In an extraordinary swipe at the Chancellor, the powerful watchdog has highlighted a number of ‘fiscal illusions’ she could be tempted to ‘exploit’ under new debt rules that would weaken the public finances. 

Reeves’s Budget has pushed borrowing costs to their highest level in a year as investors give her package the thumbs-down amid growing concerns that it was neither credible nor affordable.

The OBR’s warning is particularly striking because it has come under heavy fire from the Tories. Shadow chancellor Jeremy Hunt accused the watchdog of pro-Labour bias for publishing its reports into Reeves’s claims she uncovered a £22billion black hole in the public finances at the same time as the Budget. 

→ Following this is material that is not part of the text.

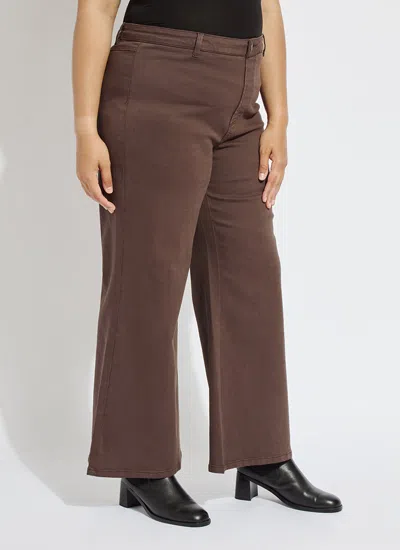 Lyssé Lysse Iris Flat Front Wide Leg Jeans In Brown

Reeves used the OBR report to blame her huge tax rises on her predecessors. However, although the OBR found that Treasury officials did not share information about £9.5billion of pressures on departmental budgets, it did not criticise Hunt or other Tory ministers.

Ms Reeves’s plans for an extra £32 billion a year borrowing binge have also raised fears that mortgage costs will stay higher for longer.

Traders still think the Bank of England will cut interest rates this Thursday by a quarter of a percentage point to 4.75 per cent but they have pushed back expectations of any further easing until early next year.

It follows a fierce row between Reeves and her predecessor, Jeremy Hunt, whom she accused of covering up a £22 billion ‘black hole’, which he dismissed as ‘absolute nonsense’.

The intervention by the OBR is especially embarrassing for the Chancellor after she insisted her increase to employers’ National Insurance Contributions was not a tax increase on workers, a claim met with widespread derision by business leaders.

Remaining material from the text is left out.